### WORK REQUIRED
Your task is to set down the records below again, exactly.

### SUPPLIED MATERIAL
--*--

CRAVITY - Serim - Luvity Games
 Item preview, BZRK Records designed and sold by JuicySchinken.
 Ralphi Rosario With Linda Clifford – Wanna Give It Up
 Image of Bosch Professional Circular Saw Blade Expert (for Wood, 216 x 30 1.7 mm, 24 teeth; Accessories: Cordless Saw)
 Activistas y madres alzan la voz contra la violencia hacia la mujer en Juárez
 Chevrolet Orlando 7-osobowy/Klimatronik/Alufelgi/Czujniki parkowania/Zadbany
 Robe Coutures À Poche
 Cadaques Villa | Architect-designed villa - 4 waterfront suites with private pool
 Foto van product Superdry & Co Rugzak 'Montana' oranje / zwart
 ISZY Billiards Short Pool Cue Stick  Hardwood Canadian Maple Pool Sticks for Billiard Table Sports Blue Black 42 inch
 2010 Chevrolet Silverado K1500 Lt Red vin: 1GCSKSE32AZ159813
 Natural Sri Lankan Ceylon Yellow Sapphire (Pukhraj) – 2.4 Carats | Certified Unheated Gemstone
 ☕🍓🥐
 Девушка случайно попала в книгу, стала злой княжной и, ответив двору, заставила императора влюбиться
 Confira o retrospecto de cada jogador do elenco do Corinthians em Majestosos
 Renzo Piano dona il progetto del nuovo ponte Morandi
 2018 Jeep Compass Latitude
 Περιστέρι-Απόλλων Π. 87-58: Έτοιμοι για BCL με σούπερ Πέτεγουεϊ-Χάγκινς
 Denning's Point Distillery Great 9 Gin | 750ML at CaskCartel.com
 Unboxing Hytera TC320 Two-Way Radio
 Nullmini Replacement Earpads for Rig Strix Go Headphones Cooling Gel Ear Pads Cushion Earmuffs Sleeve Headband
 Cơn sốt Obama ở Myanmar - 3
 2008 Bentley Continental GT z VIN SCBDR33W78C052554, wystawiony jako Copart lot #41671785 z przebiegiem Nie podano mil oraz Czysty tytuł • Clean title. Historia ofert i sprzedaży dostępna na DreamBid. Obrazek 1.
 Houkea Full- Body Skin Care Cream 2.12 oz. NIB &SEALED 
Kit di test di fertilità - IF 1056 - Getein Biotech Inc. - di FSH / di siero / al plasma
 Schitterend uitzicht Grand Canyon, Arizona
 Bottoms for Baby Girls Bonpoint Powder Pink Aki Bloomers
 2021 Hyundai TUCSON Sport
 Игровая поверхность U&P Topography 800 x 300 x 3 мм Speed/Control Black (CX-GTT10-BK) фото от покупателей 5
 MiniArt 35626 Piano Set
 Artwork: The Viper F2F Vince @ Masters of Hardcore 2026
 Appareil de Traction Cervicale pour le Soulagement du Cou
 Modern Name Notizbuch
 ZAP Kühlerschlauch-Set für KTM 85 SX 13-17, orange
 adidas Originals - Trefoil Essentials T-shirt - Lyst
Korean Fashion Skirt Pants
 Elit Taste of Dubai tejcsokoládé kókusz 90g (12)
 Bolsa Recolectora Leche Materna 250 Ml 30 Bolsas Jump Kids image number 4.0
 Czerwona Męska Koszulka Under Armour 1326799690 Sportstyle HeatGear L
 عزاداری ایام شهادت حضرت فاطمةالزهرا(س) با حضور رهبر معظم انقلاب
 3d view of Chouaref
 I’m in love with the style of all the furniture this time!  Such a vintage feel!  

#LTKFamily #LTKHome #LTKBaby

--*--

### TASK RESPONSE
CRAVITY - Serim - Luvity Games
 Item preview, BZRK Records designed and sold by JuicySchinken.
 Ralphi Rosario With Linda Clifford – Wanna Give It Up
 Image of Bosch Professional Circular Saw Blade Expert (for Wood, 216 x 30 1.7 mm, 24 teeth; Accessories: Cordless Saw)
 Activistas y madres alzan la voz contra la violencia hacia la mujer en Juárez
 Chevrolet Orlando 7-osobowy/Klimatronik/Alufelgi/Czujniki parkowania/Zadbany
 Robe Coutures À Poche
 Cadaques Villa | Architect-designed villa - 4 waterfront suites with private pool
 Foto van product Superdry & Co Rugzak 'Montana' oranje / zwart
 ISZY Billiards Short Pool Cue Stick  Hardwood Canadian Maple Pool Sticks for Billiard Table Sports Blue Black 42 inch
 2010 Chevrolet Silverado K1500 Lt Red vin: 1GCSKSE32AZ159813
 Natural Sri Lankan Ceylon Yellow Sapphire (Pukhraj) – 2.4 Carats | Certified Unheated Gemstone
 ☕🍓🥐
 Девушка случайно попала в книгу, стала злой княжной и, ответив двору, заставила императора влюбиться
 Confira o retrospecto de cada jogador do elenco do Corinthians em Majestosos
 Renzo Piano dona il progetto del nuovo ponte Morandi
 2018 Jeep Compass Latitude
 Περιστέρι-Απόλλων Π. 87-58: Έτοιμοι για BCL με σούπερ Πέτεγουεϊ-Χάγκινς
 Denning's Point Distillery Great 9 Gin | 750ML at CaskCartel.com
 Unboxing Hytera TC320 Two-Way Radio
 Nullmini Replacement Earpads for Rig Strix Go Headphones Cooling Gel Ear Pads Cushion Earmuffs Sleeve Headband
 Cơn sốt Obama ở Myanmar - 3
 2008 Bentley Continental GT z VIN SCBDR33W78C052554, wystawiony jako Copart lot #41671785 z przebiegiem Nie podano mil oraz Czysty tytuł • Clean title. Historia ofert i sprzedaży dostępna na DreamBid. Obrazek 1.
 Houkea Full- Body Skin Care Cream 2.12 oz. NIB &SEALED 
Kit di test di fertilità - IF 1056 - Getein Biotech Inc. - di FSH / di siero / al plasma
 Schitterend uitzicht Grand Canyon, Arizona
 Bottoms for Baby Girls Bonpoint Powder Pink Aki Bloomers
 2021 Hyundai TUCSON Sport
 Игровая поверхность U&P Topography 800 x 300 x 3 мм Speed/Control Black (CX-GTT10-BK) фото от покупателей 5
 MiniArt 35626 Piano Set
 Artwork: The Viper F2F Vince @ Masters of Hardcore 2026
 Appareil de Traction Cervicale pour le Soulagement du Cou
 Modern Name Notizbuch
 ZAP Kühlerschlauch-Set für KTM 85 SX 13-17, orange
 adidas Originals - Trefoil Essentials T-shirt - Lyst
Korean Fashion Skirt Pants
 Elit Taste of Dubai tejcsokoládé kókusz 90g (12)
 Bolsa Recolectora Leche Materna 250 Ml 30 Bolsas Jump Kids image number 4.0
 Czerwona Męska Koszulka Under Armour 1326799690 Sportstyle HeatGear L
 عزاداری ایام شهادت حضرت فاطمةالزهرا(س) با حضور رهبر معظم انقلاب
 3d view of Chouaref
 I’m in love with the style of all the furniture this time!  Such a vintage feel!  

#LTKFamily #LTKHome #LTKBaby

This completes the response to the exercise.